[Congressional Record Volume 167, Number 106 (Thursday, June 17, 2021)]
[Senate]
[Pages S4608-S4610]
From the Congressional Record Online through the Government Publishing Office [www.gpo.gov]



                   Unanimous Consent Request--S. 1520

  Mrs. GILLIBRAND. Mr. President, I rise again to call for this entire 
body to vote and consider the Military Justice Improvement and 
Increasing Prevention Act. This commonsense reform would ensure that 
people in the U.S. military who have been subjected to sexual assault 
and other serious crimes get the justice that they deserve.
  I began calling for the full floor vote on this bill on May 24. That 
was 24 days ago. Since then, an estimated 1,344 servicemembers will 
have been raped or sexually assaulted. Two in three of those survivors 
will not even report it because they know that they are more likely to 
face retaliation than receive justice.
  This is a scourge that we have been looking at for over 8 years. We 
have passed nearly 250 measures to address sexual assault in the 
military, to address retaliation, to address prevention, and none of 
them have dented the numbers. In fact, our estimated cases are at about 
20,000 cases, and among those, only about 200 have gone to courts-
martial and ended in conviction. It is not enough. We aren't moving the 
numbers in the right direction. They are, in fact, going in the wrong 
direction.
  We also have a reform that we have looked at for 8 years. It creates 
a bright line at all serious crimes to handle two issues: one, the bias 
we see in sexual assault in the military; that if you are a 
servicemember who reports sexual assault, it is unlikely that you will 
get justice, and it is likely that you will be retaliated against.
  And after we have made retaliation a crime three times in a row, we 
have only seen one court-martial for retaliation. That is outrageous.

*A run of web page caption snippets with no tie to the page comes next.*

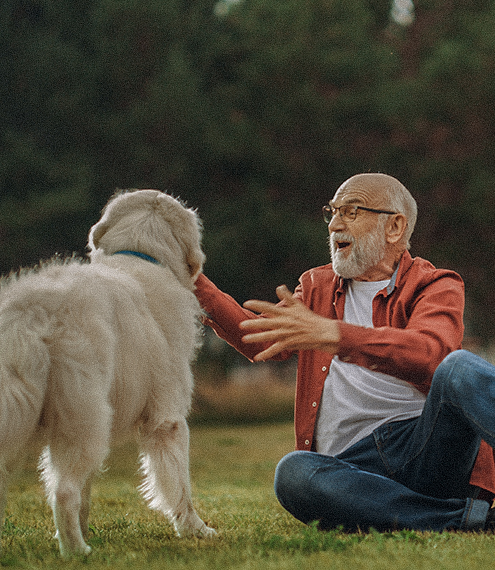 cómo un perro mejora la vida de los adultos mayores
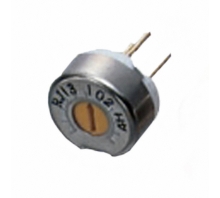 תמונה RJ13P105.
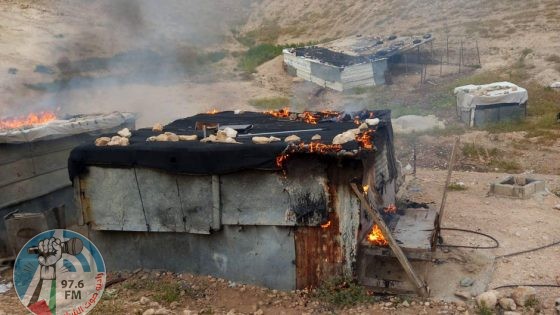 مستعمرون يقيمون بؤرة جديدة قرب نبع العوجا شمال أريحا
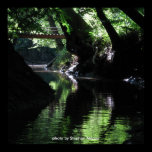 Pamunkey River Cavern posters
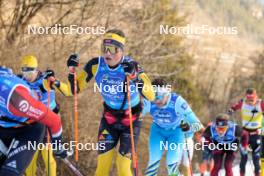 28.01.2024, Trentino, Italy (ITA): Amund Riege (NOR) - Ski Classics Marcialonga, Trentino (ITA). www.nordicfocus.com. © Vanzetta/NordicFocus. Every downloaded picture is fee-liable.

  And so now is the time that we bring this measure to the floor. It 
does not cost a lot of money. It is something that uses the existing 
infrastructure, the existing lawyers, the existing infrastructure 
around the lawyers.
  Two, it does not take a long time to implement because, in fact, 
after the military police complete their investigation and have their 
recommendation, basically, they send that recommendation to the 
prosecutor, as opposed to the commander. So after the review by the 
prosecutor, it goes right back to the commander if that prosecutor 
declines to prosecute.
  So, ultimately, it changes the system in a very small but powerful 
way, and the reason why this change is recommended by all military 
experts is three reasons: One, the bright line creates a justice system 
for all plaintiffs and all defendants. And since we have bias with 
regard to women in the military and we have bias with regard to Black 
and Brown servicemembers, this change will remove bias and 
professionalize the system for everyone.
  Second, our allies have done this. Our allies have done it--UK, 
Israel, Germany, Australia, Netherlands. They have done it over the 
last 40 years for defendants' rights, to make sure we have a system 
that is fair to everyone. When they put this change in place, they 
reported to our panel that, No. 1, they saw no diminution in command 
control; and, No. 2, they saw no undermining of good order and 
discipline. So for those reasons, that is why we need to pursue this 
legislation, a bright line.
  And then, last is the question that the chairman always raises, that 
this must go through the committee. The committee has been looking at 
this for 8 years. We have had multiple hearings on this topic. We have 
had the data. We have talked about it with every service Secretary for 
the last decade I have been on the committee. We have talked about it 
with each of the services for the last decade that I have been on the 
committee, and we have tried to get a vote on this measure, 
unsuccessfully, for the past 5 years. We have been denied a vote every 
time in the last 5 years.
  So to say now that only the committee can have jurisdiction is not 
true. They have had their chance, and they have passed close to 250 
measures. Those measures have not moved the needle. Those measures are 
ones that the DOD was comfortable with. They have never wanted this 
measure. Now we have agreement by the chairman, by this panel, by many 
of the service Secretaries that, OK, fine, we are with you; we will 
take sexual assault out of the chain of command.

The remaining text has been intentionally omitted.